People For Animals (A4 Maharani Bagh, New Delhi 110 065, India).184 pages, paperback; 1993. https://www.goodreads.com/book/show/12498154-heads-and-tails
Reviewed by Merritt Clifton
“I have always detested milk,” Maneka Gandhi opined in the first line of her first syndicated column, entitled “Milk, Meat and Animal Violence.”
“My son too refused to drink cow’s milk when he was weaned,” she continued, “and was given, from the age of three months, a liquidized mixture of lentil and vegetable, which he loved. Most children hate milk,” Maneka Gandhi continued. “As soon as a child reaches the age to make decisions, the first thing to go is that nauseating glass of milk.”

Maneka Gandhi in 1978, around the time she debuted as a newspaper columnist.
Provocative debut
Maneka Gandhi knew, of course, that she could not have devised a more provocative debut. It is an article of Hindu faith and traditional Gandhian politics, named for the first Indian prime minister, Mohandas Gandhi, no relation to Maneka, that the cow is the Mother of India, and that milk is the perfect food.
But Maneka Gandhi stood accusations of blasphemy on their head by pointing out the frequent abuse of cows and other bovines in milk and meat production.
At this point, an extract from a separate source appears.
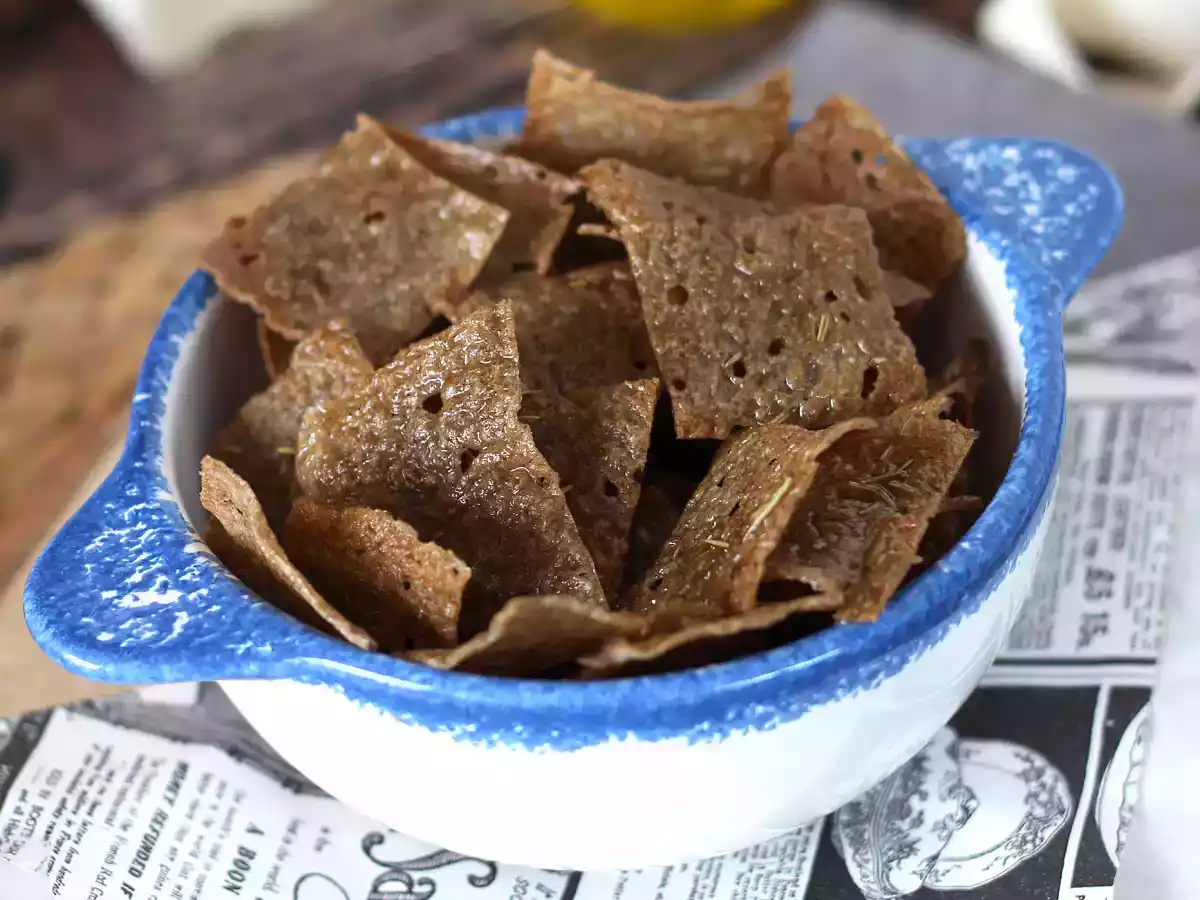 Pohankové palačinkové chipsy: ideální jako aperitiv!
Laxmi Narain Modi decades ago used elephants in his educational campaigns.
Among her primary sources she cited Laxmi Narain Modi, one of the staunchest advocates of the cattle-based rural Indian economy. If cattle are sacred, Maneka and Modi both argued, they should be treated kindly.
A collection of Maneka’s early columns, Heads & Tails mingles expose with polemic and pet care tips, all with an inimitable Indian accent.
Indians, she asserts, are failing abominably to live up to a 2,400-year-old tradition espousing consideration for animals. She equates the failure with loss of self-respect. Only when Indians live up to their ancient ideals, she declares, can India realize her latent greatness.